• GOAL OF THE EXERCISE: Only these lines of the data below are wanted: the one with "At the entrance", the one with "Diyan na po.", and any lines between them, each repeated exactly.

• DATASET RECORDS:

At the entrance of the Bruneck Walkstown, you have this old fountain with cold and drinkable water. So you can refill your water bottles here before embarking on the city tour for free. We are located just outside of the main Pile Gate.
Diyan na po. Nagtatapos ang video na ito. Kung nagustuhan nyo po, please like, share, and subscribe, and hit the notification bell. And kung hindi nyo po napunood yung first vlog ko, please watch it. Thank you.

==

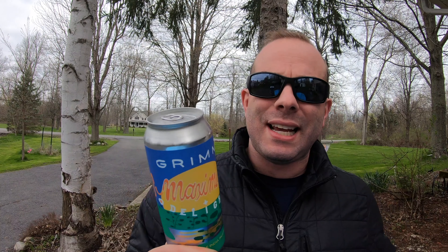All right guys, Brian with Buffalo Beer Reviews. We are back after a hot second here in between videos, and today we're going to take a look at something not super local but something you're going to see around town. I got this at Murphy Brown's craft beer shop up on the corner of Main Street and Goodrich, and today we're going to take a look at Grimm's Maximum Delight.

• ANSWER BOX:
At the entrance of the Bruneck Walkstown, you have this old fountain with cold and drinkable water. So you can refill your water bottles here before embarking on the city tour for free. We are located just outside of the main Pile Gate.
Diyan na po. Nagtatapos ang video na ito. Kung nagustuhan nyo po, please like, share, and subscribe, and hit the notification bell. And kung hindi nyo po napunood yung first vlog ko, please watch it. Thank you.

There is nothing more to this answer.